We were thrilled to Google up today, as we tried to take stock of Associate Justice Sotomayor’s commnts about corporate personhood, this Timeline of Personhood Rights and Powers, by Jan Edwards, “with much help from Doug Hammerstrom, Bill Meyers, Molly Morgan, Mary Zepernick, Virginia Rasmussen, Thomas Linzey, Jane Anne Morris, and Richard Grossman.” For essential background on this topic check out POCLAD, whose research laid the foundation for what public understanding of this injustice we have. Kudos to the estimable David T. Ratcliffe for making it broadly available at his “rat haus.”

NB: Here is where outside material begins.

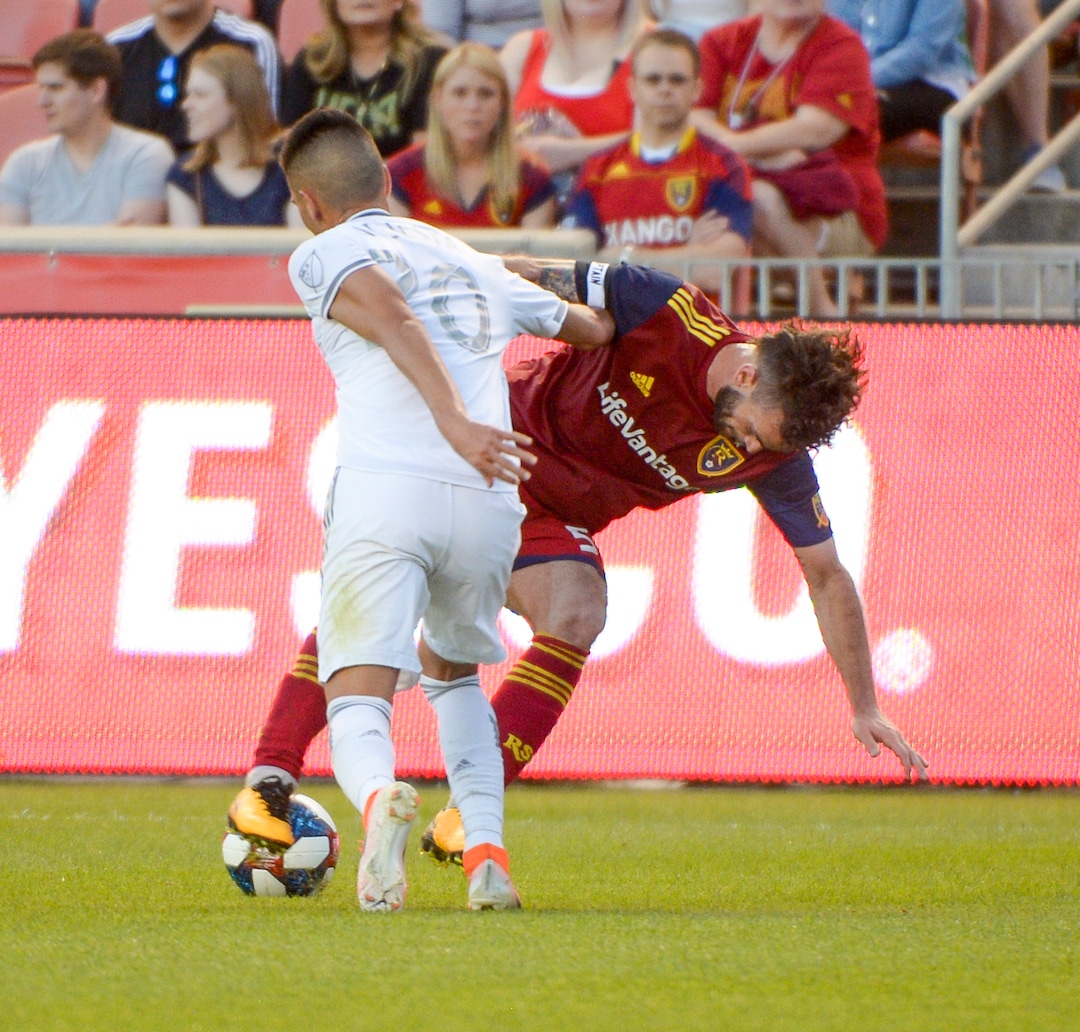 (Leah Hogsten  |  The Salt Lake Tribune) Real Salt Lake midfielder Kyle Beckerman (5) is knocked to the ground battling Los Angeles FC midfielder Eduard Atuesta (20)as Real Salt Lake hosts Los Angeles Football Club in the fourth round of the Lamar Hunt U.S. Open Cup, June 11, 2019 at Rio Tinto Stadium in Sandy.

We’ll go back to assembling Friday’s paper now. Lord knows how this will figure into it. At this point, all we can say is that the Supreme Court’s conservative majority seems to have decided, by taking up the case of Citizens United v. Federal Election Commission, to complete the work done over the past century by the corporate stooges who preceeded them, and enshrine into law the unassailable superiority of corporations over people. Meanwhile, Associate Justice Sotomayor appears to be casually tossing the legal equivalent of a nuclear hand grenade from hand to hand, and asking, “Are you sure you want to play that game, boys?”

4 thoughts on “A Coming Cage Match over Corporate Personhood?”

  1. Phill

    The concept of corporate personhood, approved in a very dubious way by the Supreme Court, permits corporations to get away with all kinds of nefarious crap a human would go to jail for.

    Roberts and Scalia and the right-wingers seem to be ready to give corporations more power, rather than less, in their upcoming reconsideration of the Citizens United v. Federal Election Commission case.

    Sotomayor, meanwhile, seems to be saying “That’s a can of worms you might wish you had not opened.” That is, if enough votes could be had, corporate personhood itself might end up getting declared unconstitutional.

    The hard thing here is that with the court’s present makeup, they probably don’t have sufficient humanity among them to vote right.

    The good thing is that if the issue gets on the table, at least people might start to think about it. Congress could always pass a law saying corporate personhood is bullshit.

    This one is worth going to the mat for. Corporate personhood has got to go. Unless and until it does, we’re all consumers. Once it’s gone, we’re citizens again.

    That help any, Phill? Thanks for asking.